EAD: An EEG Adapter for Automated Classification
Pushapdeep Singh, Jyoti Nigam, Medicherla Vamsi Krishna, Arnav Bhavsar, Aditya Nigam

TL;DR
This paper introduces EEG Adapter (EAD), a versatile framework that enhances EEG signal classification across different devices and tasks by leveraging a foundational model, achieving state-of-the-art accuracy and demonstrating strong generalization.
Contribution
The paper presents EAD, a novel adaptable framework for EEG classification that works with any acquisition device and improves robustness and accuracy over existing methods.
Findings
Achieved state-of-the-art accuracy of 99.33% on EEG-ImageNet
Achieved state-of-the-art accuracy of 92.31% on BrainLat
Demonstrated effective zero-shot EEG classification
Abstract
While electroencephalography (EEG) has been a popular modality for neural decoding, it often involves task specific acquisition of the EEG data. This poses challenges for the development of a unified pipeline to learn embeddings for various EEG signal classification, which is often involved in various decoding tasks. Traditionally, EEG classification involves the step of signal preprocessing and the use of deep learning techniques, which are highly dependent on the number of EEG channels in each sample.

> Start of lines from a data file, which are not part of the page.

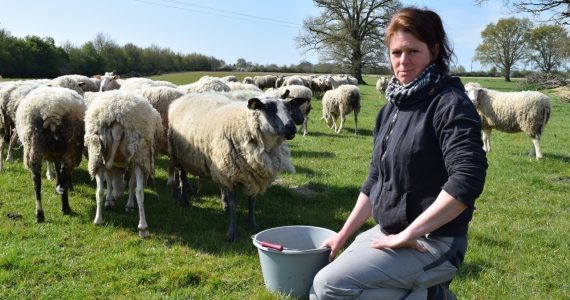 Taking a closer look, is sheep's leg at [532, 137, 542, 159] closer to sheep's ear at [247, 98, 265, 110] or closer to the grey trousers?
sheep's ear at [247, 98, 265, 110]

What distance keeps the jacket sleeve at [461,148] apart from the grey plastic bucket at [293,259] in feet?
4.50

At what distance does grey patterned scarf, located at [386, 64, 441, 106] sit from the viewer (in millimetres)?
2541

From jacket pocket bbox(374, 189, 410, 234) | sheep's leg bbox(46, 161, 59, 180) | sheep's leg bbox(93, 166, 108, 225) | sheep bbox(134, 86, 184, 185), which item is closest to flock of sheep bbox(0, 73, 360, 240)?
sheep's leg bbox(93, 166, 108, 225)

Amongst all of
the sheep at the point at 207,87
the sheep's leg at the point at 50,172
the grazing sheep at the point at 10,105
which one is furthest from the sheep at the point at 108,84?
the sheep's leg at the point at 50,172

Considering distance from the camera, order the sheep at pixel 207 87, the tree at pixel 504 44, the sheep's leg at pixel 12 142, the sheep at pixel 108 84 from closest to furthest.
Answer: the sheep's leg at pixel 12 142 → the sheep at pixel 207 87 → the sheep at pixel 108 84 → the tree at pixel 504 44

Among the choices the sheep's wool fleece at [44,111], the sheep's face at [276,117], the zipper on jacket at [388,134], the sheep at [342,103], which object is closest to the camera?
the zipper on jacket at [388,134]

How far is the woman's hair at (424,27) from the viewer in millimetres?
2502

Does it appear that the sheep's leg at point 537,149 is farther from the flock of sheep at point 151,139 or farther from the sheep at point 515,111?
the flock of sheep at point 151,139

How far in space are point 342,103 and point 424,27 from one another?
542 inches

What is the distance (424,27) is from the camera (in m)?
2.49

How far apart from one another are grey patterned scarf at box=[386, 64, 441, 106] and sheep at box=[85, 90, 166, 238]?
12.6 feet

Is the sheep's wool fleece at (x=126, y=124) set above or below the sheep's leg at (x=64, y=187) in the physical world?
above

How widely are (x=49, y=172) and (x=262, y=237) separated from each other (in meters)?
5.77

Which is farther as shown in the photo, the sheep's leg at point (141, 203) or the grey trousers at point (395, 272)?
the sheep's leg at point (141, 203) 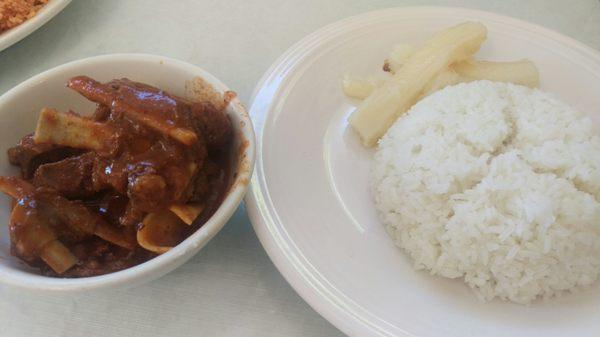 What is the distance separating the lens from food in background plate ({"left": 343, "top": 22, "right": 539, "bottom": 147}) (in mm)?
1821

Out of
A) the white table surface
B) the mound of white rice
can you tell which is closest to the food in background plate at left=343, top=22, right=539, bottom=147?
the mound of white rice

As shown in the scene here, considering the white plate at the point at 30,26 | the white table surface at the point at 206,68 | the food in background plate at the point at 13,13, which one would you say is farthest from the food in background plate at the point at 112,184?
the food in background plate at the point at 13,13

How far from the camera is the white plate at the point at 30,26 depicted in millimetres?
2025

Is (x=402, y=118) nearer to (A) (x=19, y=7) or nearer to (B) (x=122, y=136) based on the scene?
(B) (x=122, y=136)

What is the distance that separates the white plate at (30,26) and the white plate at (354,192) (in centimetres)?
109

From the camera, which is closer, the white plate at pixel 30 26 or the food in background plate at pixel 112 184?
the food in background plate at pixel 112 184

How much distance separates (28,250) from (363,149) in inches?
45.3

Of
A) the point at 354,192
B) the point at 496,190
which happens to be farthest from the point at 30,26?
the point at 496,190

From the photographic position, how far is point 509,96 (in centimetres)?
180

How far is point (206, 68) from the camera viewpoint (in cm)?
221

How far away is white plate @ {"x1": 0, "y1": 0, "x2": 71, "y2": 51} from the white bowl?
2.32ft

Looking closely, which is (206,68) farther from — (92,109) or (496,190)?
(496,190)

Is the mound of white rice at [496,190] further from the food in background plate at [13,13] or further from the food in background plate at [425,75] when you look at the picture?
the food in background plate at [13,13]

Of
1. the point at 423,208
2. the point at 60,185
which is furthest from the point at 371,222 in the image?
the point at 60,185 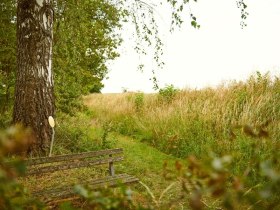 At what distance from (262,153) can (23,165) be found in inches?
287

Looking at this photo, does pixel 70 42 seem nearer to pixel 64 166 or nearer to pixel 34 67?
pixel 34 67

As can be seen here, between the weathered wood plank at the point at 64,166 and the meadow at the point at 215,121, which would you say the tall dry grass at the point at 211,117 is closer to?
the meadow at the point at 215,121

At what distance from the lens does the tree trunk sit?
711 cm

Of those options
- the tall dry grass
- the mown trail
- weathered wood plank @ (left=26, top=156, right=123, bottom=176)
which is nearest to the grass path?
the mown trail

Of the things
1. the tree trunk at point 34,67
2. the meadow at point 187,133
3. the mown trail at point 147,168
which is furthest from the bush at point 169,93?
the tree trunk at point 34,67

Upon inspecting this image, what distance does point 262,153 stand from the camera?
748 cm

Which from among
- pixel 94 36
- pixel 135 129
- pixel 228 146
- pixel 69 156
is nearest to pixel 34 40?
pixel 69 156

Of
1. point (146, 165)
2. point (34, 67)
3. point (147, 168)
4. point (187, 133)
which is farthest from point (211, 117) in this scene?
point (34, 67)

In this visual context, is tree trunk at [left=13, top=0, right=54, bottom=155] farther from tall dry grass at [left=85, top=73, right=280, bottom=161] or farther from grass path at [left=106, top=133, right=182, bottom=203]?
tall dry grass at [left=85, top=73, right=280, bottom=161]

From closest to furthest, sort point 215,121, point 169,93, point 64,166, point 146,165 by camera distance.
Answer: point 64,166, point 146,165, point 215,121, point 169,93

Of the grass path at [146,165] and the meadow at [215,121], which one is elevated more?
the meadow at [215,121]

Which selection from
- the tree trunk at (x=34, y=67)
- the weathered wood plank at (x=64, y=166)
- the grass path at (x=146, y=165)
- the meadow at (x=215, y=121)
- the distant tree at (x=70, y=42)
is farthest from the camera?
the distant tree at (x=70, y=42)

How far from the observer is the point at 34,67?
7.14 metres

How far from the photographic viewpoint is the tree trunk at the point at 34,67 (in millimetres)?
7105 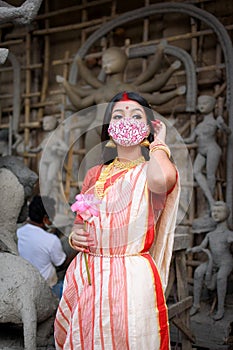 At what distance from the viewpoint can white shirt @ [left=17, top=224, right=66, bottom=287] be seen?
3197mm

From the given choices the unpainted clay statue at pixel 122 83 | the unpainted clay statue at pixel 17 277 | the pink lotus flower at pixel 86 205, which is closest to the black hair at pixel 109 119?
the pink lotus flower at pixel 86 205

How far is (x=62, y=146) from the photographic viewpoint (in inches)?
197

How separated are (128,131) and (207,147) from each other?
287 cm

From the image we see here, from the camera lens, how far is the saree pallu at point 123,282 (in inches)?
67.7

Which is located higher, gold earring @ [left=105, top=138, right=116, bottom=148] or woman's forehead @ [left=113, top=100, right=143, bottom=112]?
woman's forehead @ [left=113, top=100, right=143, bottom=112]

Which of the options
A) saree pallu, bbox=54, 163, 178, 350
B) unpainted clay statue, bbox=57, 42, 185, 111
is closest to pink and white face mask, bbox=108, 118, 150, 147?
saree pallu, bbox=54, 163, 178, 350

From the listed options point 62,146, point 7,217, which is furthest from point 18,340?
point 62,146

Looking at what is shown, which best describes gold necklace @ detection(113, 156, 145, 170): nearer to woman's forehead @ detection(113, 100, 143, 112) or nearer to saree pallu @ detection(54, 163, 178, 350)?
saree pallu @ detection(54, 163, 178, 350)

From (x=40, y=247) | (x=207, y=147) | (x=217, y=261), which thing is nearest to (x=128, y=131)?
(x=40, y=247)

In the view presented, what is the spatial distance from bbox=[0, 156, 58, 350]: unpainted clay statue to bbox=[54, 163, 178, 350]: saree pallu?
0.45 metres

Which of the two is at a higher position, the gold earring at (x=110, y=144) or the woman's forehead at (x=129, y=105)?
the woman's forehead at (x=129, y=105)

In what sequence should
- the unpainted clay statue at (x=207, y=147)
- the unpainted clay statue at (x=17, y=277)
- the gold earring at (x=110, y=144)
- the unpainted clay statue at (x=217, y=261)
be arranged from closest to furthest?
the gold earring at (x=110, y=144) < the unpainted clay statue at (x=17, y=277) < the unpainted clay statue at (x=217, y=261) < the unpainted clay statue at (x=207, y=147)

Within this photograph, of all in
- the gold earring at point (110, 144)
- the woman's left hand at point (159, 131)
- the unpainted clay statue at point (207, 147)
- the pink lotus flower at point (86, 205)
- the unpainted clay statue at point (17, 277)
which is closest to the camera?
the pink lotus flower at point (86, 205)

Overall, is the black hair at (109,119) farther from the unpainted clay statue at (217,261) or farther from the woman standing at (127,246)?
the unpainted clay statue at (217,261) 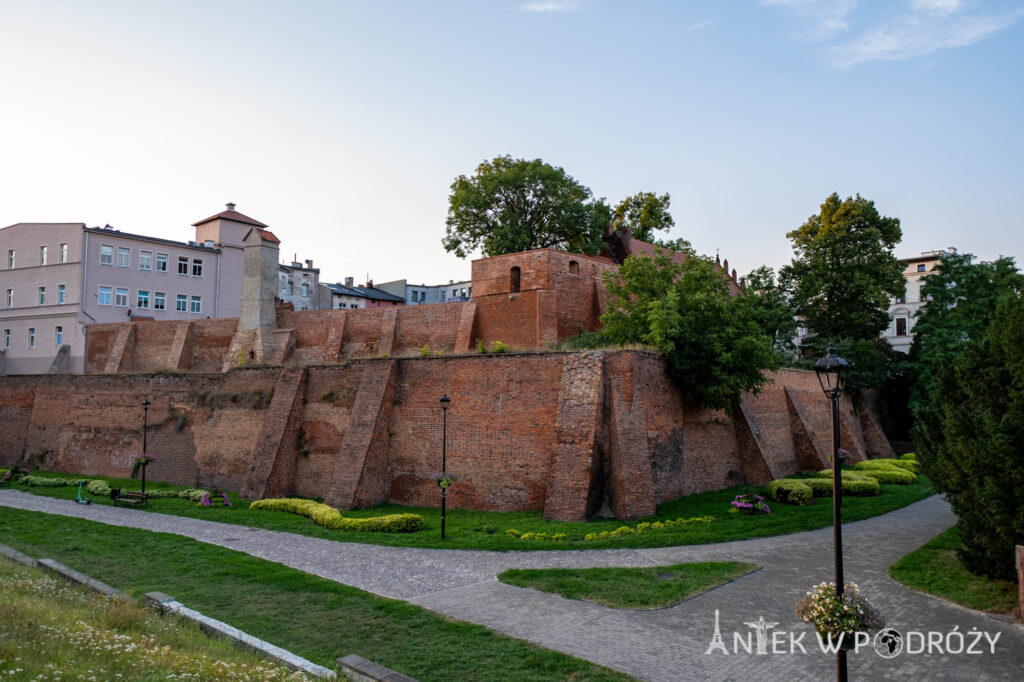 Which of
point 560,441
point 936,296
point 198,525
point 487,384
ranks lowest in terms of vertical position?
point 198,525

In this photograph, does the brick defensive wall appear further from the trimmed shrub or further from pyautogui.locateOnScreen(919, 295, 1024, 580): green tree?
pyautogui.locateOnScreen(919, 295, 1024, 580): green tree

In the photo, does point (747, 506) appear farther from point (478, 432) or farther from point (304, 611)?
point (304, 611)

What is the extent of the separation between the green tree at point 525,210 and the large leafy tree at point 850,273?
12.1 meters

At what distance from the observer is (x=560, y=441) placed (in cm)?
1864

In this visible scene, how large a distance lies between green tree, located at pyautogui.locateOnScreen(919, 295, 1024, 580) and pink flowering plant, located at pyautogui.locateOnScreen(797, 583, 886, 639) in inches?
206

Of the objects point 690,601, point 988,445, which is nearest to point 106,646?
point 690,601

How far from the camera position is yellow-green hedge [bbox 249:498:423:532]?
18.1 metres

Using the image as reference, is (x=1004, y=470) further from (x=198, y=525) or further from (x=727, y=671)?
(x=198, y=525)

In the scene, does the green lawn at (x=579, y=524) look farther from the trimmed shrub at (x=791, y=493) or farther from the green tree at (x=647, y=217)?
the green tree at (x=647, y=217)

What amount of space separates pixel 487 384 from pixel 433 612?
10266 millimetres

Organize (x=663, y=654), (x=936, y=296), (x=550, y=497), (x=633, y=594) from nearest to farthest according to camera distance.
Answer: (x=663, y=654) < (x=633, y=594) < (x=550, y=497) < (x=936, y=296)

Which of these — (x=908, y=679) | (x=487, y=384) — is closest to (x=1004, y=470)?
(x=908, y=679)

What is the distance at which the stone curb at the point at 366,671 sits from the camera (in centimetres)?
783

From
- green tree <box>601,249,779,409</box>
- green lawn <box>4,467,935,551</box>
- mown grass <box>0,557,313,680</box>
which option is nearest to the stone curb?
mown grass <box>0,557,313,680</box> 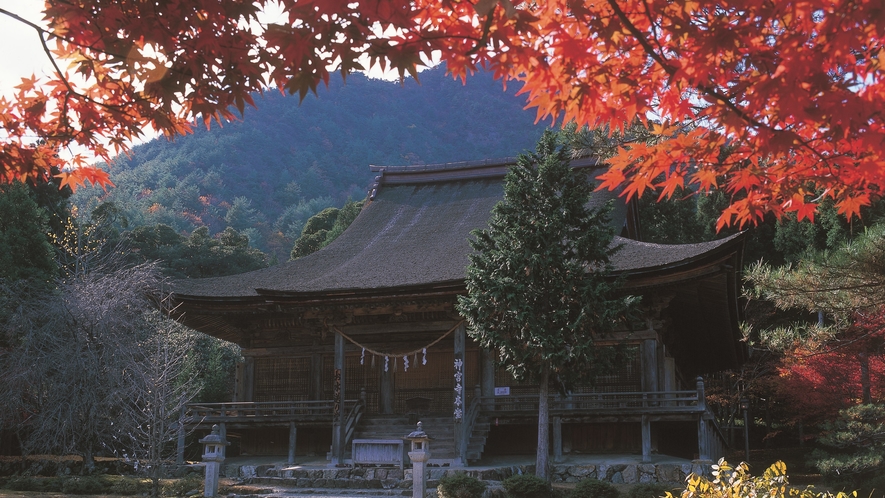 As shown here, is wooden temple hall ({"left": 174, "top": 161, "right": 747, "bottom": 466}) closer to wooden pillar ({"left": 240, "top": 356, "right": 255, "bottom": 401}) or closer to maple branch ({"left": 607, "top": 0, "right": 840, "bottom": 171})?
wooden pillar ({"left": 240, "top": 356, "right": 255, "bottom": 401})

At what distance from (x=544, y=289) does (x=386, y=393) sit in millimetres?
6451

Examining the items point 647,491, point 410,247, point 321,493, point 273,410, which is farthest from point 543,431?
point 410,247

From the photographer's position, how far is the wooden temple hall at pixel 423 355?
1572cm

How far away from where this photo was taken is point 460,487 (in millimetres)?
12719

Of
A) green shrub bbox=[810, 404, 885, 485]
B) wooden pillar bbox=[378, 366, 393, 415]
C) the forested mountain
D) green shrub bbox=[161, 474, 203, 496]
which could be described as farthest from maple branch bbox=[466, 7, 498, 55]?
the forested mountain

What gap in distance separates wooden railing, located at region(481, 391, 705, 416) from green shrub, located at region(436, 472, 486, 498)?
354 cm

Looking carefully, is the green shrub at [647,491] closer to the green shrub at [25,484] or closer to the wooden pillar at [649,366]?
the wooden pillar at [649,366]

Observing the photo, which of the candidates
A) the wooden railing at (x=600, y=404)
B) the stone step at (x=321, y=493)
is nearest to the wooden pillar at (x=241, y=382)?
the stone step at (x=321, y=493)

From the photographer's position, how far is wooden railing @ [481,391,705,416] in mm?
15320

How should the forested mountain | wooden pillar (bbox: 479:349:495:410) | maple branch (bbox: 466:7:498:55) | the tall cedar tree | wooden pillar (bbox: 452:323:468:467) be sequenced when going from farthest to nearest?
the forested mountain < wooden pillar (bbox: 479:349:495:410) < wooden pillar (bbox: 452:323:468:467) < the tall cedar tree < maple branch (bbox: 466:7:498:55)

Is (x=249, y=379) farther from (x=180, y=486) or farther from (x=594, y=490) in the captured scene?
(x=594, y=490)

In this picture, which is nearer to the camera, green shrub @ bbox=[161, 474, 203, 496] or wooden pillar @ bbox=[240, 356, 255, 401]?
green shrub @ bbox=[161, 474, 203, 496]

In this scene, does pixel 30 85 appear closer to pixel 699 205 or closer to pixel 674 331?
pixel 674 331

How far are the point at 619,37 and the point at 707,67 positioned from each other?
639 mm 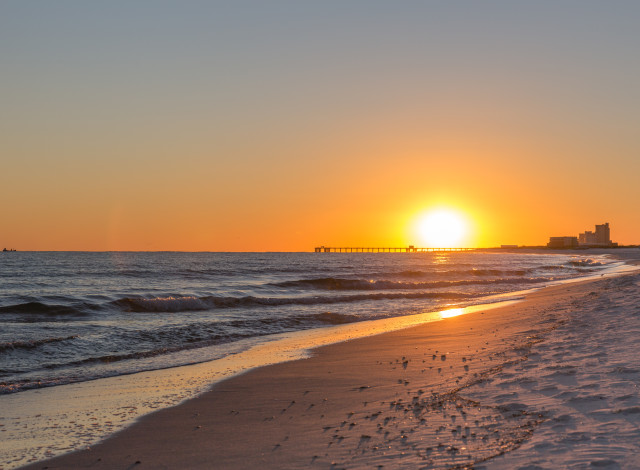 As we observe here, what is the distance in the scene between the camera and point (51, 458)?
237 inches

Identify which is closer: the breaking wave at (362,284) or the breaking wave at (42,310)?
the breaking wave at (42,310)

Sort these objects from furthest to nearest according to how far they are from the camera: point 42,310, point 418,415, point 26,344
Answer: point 42,310, point 26,344, point 418,415

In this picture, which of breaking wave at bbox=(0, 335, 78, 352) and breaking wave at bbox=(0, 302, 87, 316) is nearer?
breaking wave at bbox=(0, 335, 78, 352)

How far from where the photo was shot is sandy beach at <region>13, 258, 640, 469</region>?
538 centimetres

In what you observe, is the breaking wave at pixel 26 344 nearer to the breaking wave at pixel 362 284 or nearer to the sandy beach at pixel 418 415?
the sandy beach at pixel 418 415

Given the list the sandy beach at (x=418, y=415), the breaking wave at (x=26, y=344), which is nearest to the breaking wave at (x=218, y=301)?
the breaking wave at (x=26, y=344)

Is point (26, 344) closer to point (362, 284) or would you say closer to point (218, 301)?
point (218, 301)

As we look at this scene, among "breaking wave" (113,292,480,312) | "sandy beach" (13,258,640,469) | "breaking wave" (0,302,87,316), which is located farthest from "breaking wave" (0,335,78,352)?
"breaking wave" (113,292,480,312)

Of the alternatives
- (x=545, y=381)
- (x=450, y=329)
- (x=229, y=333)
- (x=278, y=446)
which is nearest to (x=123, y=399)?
(x=278, y=446)

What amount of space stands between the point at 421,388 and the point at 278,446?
3.06m

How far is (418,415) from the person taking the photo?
681 cm

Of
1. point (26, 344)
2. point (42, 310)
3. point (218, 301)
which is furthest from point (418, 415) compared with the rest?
point (218, 301)

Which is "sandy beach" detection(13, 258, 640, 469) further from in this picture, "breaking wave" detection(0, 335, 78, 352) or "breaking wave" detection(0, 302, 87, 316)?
"breaking wave" detection(0, 302, 87, 316)

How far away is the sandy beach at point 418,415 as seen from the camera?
17.7 ft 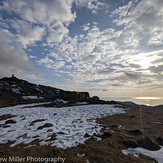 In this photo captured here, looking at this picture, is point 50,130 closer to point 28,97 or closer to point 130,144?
point 130,144

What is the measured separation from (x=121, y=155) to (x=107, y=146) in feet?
3.15

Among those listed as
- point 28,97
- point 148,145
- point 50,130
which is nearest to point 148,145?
point 148,145

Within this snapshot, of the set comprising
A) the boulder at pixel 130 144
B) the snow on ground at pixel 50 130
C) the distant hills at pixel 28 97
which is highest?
the distant hills at pixel 28 97

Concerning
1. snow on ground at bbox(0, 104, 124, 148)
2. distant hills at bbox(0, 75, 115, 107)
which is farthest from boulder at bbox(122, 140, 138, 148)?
distant hills at bbox(0, 75, 115, 107)

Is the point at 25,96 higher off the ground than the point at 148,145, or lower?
higher

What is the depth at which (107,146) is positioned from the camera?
5680 mm

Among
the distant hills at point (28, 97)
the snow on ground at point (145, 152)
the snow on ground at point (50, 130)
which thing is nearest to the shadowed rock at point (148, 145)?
the snow on ground at point (145, 152)

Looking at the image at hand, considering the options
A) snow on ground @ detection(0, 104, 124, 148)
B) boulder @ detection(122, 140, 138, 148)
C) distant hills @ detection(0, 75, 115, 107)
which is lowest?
snow on ground @ detection(0, 104, 124, 148)

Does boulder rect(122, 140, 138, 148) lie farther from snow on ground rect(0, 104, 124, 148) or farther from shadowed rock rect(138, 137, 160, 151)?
snow on ground rect(0, 104, 124, 148)

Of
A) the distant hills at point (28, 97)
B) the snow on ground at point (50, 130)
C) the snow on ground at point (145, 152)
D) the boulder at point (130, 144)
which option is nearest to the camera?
the snow on ground at point (145, 152)

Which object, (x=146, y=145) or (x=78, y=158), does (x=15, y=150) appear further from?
(x=146, y=145)

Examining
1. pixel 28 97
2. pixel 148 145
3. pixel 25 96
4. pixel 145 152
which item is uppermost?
pixel 25 96

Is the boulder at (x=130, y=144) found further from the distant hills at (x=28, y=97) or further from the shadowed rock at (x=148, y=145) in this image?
the distant hills at (x=28, y=97)

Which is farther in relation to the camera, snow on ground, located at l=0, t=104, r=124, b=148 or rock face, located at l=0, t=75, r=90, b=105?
rock face, located at l=0, t=75, r=90, b=105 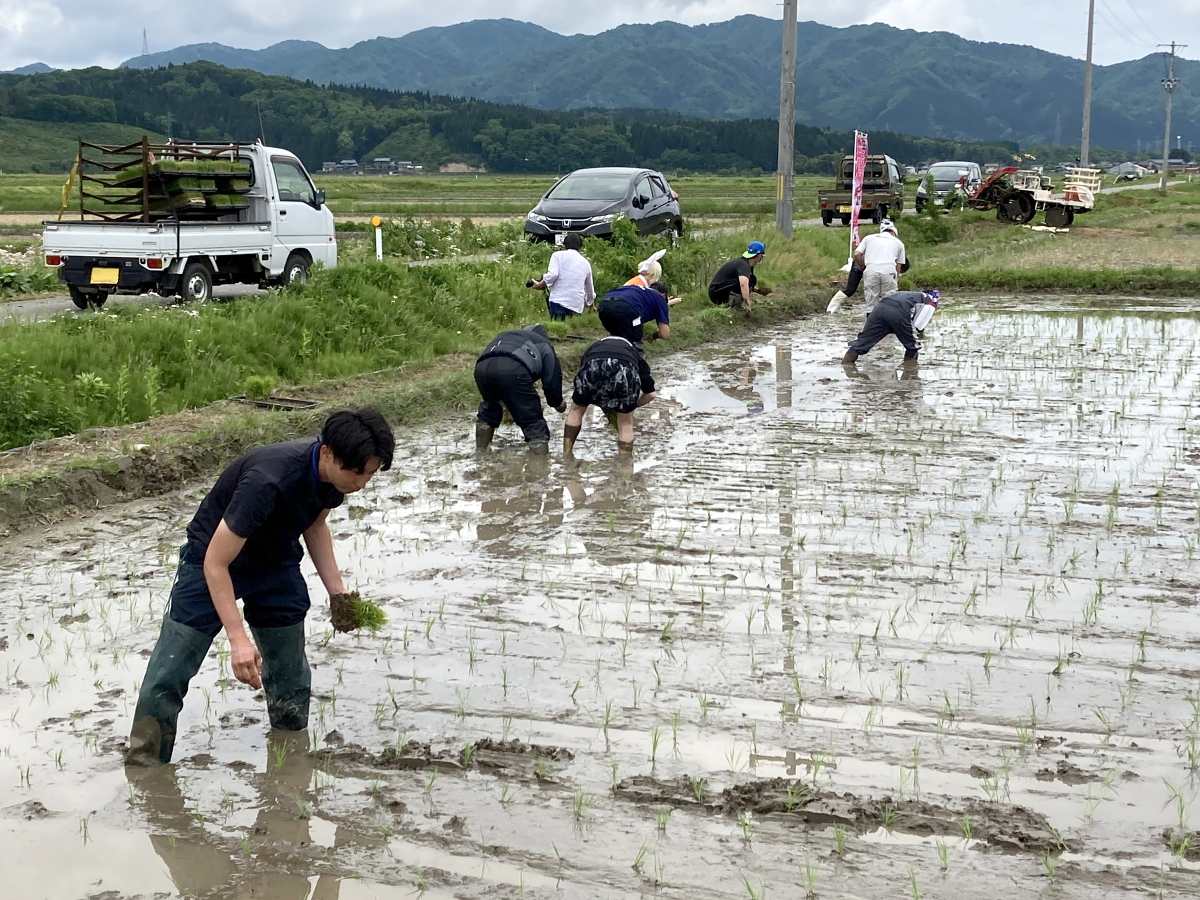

However, the same pipeline cannot be applied even if the EEG data is collected for the same experiment but with different acquisition devices. This necessitates the development of a framework for learning EEG embeddings, which could be highly beneficial for tasks involving multiple EEG samples for the same task but with varying numbers of EEG channels. In this work, we propose EEG…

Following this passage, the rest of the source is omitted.